[[ Records to use open ]]
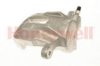 BENDIX 694457B Brake Caliper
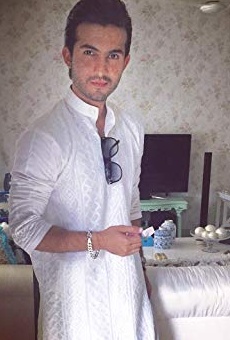 Películas de Shehroz Sabzwari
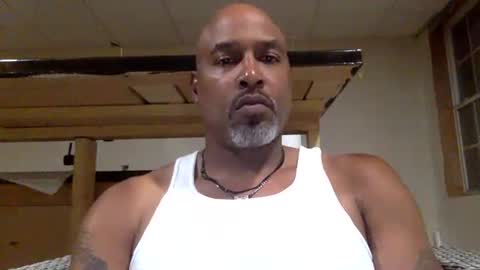 zionlion22 online show from July 19, 2:59 am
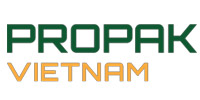ProPak Vietnam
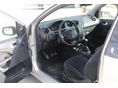 FORD FIESTA 2004/5 - 5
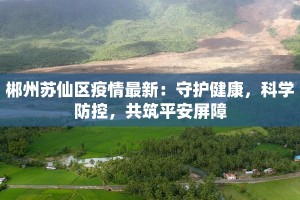 疫情防控指南郴州最新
[[ Records to use closed ]]
> **Directions**
Reproduce these records exactly, but not the pictures.

> **Exercise answer**
 BENDIX 694457B Brake Caliper
 Películas de Shehroz Sabzwari
 zionlion22 online show from July 19, 2:59 am
ProPak Vietnam
 FORD FIESTA 2004/5 - 5
 疫情防控指南郴州最新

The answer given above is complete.